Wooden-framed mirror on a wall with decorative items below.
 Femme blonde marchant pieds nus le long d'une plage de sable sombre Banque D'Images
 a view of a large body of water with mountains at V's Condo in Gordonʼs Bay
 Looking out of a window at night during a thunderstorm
——————————
What needs to be done: The data above must be reproduced in full, exactly as given.

Solution for this exercise:
Wooden-framed mirror on a wall with decorative items below.
 Femme blonde marchant pieds nus le long d'une plage de sable sombre Banque D'Images
 a view of a large body of water with mountains at V's Condo in Gordonʼs Bay
 Looking out of a window at night during a thunderstorm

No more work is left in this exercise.